As I read, be it a published well-known novel or a draft of a play by a friend, I tend to ask questions. The one thing I've always loved about reading (and writing) is the questioning that can happen. I love how you can question a character, a scene, a description, an author. I love how the questions change as you read. I love how you can close a book and still have so many unanswered questions that you continue to think about the story days after you finish it. I love how a piece of writing can make you question yourself.
My high school emphasized asking questions. It was how English classes were run and in those English classes, I was in my element. I had very little fear of asking questions or giving my idea of an answer. (The lecture type of English classes in college were...not my cup of tea...which may explain why I dropped most of them.)
Alas, this is my reaction when I am faced with others' work. When it comes to my own, it is more complicated.

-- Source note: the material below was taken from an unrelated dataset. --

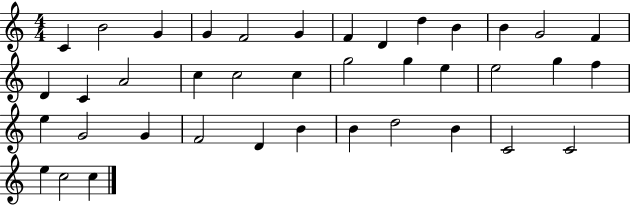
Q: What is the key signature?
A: C major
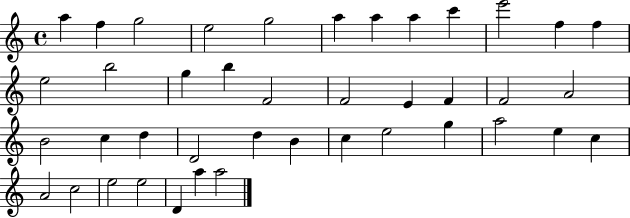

I can ask myself questions, but I rarely know the answers. I used to believe that this was reason number one as to why I should give up writing and become something, anything, else. I thought all good writers knew an answer, even if it wasn't the 100% correct answer. (Okay, so it wasn't reason number one. More like reason number 10. Reason number one was, is, that I have no talent and should give up before I give people the opportunity to laugh at me...but that is for another post.)

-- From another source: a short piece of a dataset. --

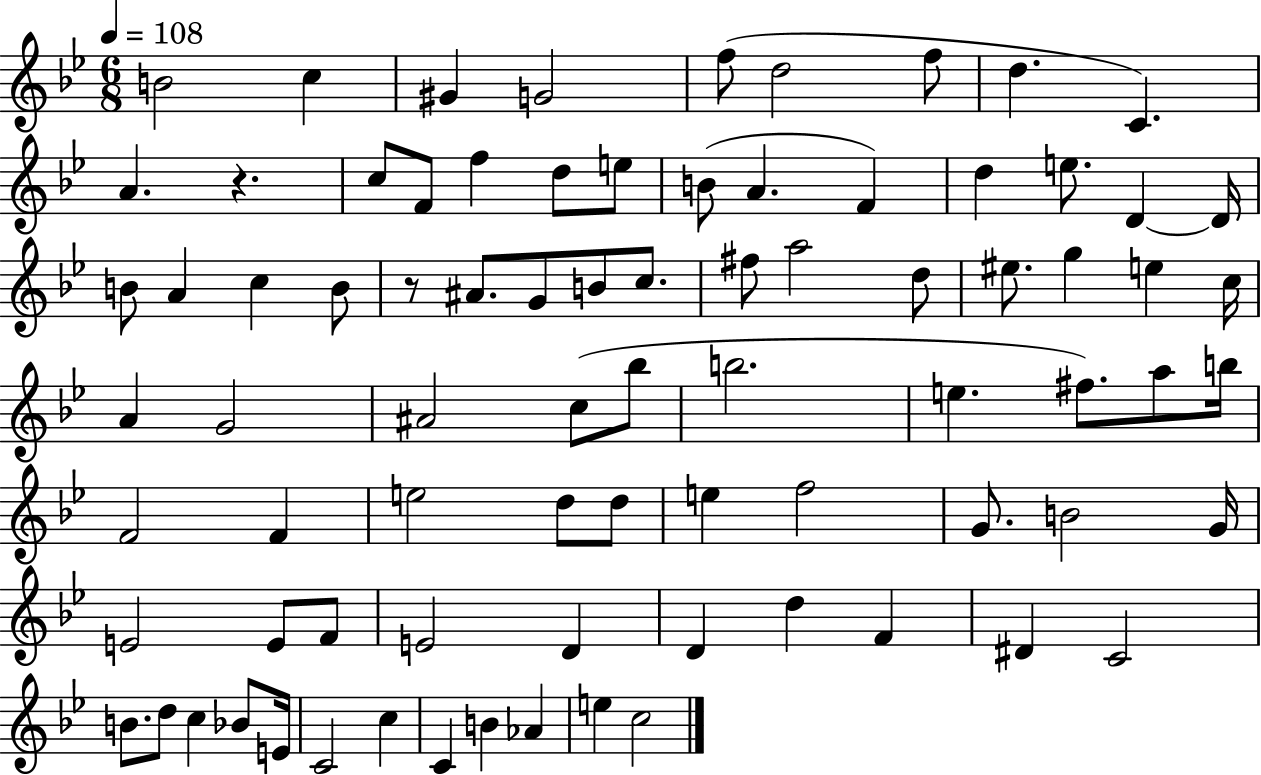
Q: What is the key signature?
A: BES major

With each draft, my play becomes stronger and stronger, but with that strength comes questioning. A writing buddy asked me some tough questions in her last set of edits and I found myself sitting, reading them, shaking my head, saying "yeah, that is an awesome question...wish I knew the answer". They are questions about the playworld, about the characters, about what I chose to include, what I chose to show, and what I didn't.

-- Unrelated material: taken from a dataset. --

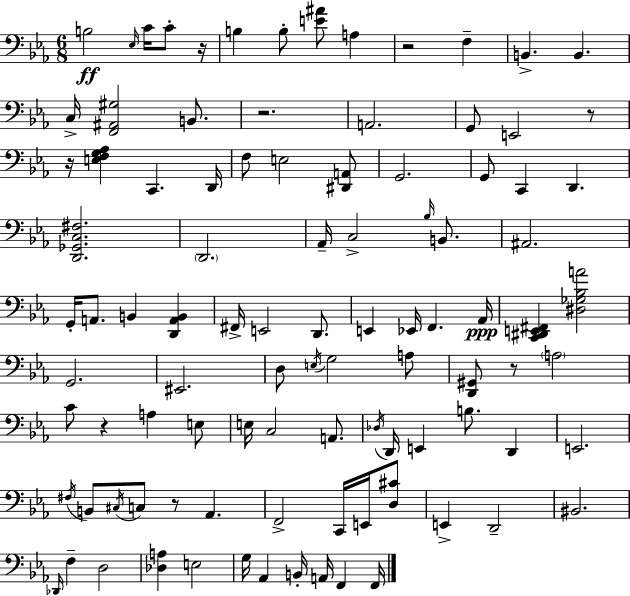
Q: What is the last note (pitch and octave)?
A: F2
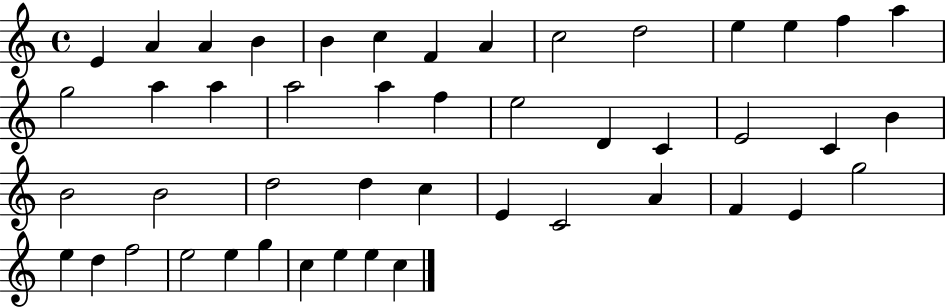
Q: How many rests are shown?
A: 0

Some questions I can intellectualize. For example, because of my background in women's studies and social work, I have a tendency of trying to highlight issues which concern women and are often avoided. I may include a scene or write a scene a certain way to draw attention to the issue--at least that is what I think I am doing.
The other questions are harder because I often feel like my gut, or these voices in my head told me to write something a certain way. And now I am asking my brain to understand my gut or that little writing fairy/voice that speaks to me. My brain can barely understand how to keep me from tripping and walking into doorways 100 times a day. How the hell can it manage this?
But I get how it is this process, the gut to the brain, that makes what I write a choice. I may not know why I chose to include a certain something, but I should figure out why the hell it needs to stay or why the hell it needs to go. For my sake, my play's sake, and my future readers' sakes.
So that is where I am at right now. I am staring at some parts of my play, saying that part needs to stay, while also playing devil's advocate and saying it needs to go. If there were a microphone in my head, you would be entertained.
No answers yet, but that is what time is for. Hopefully.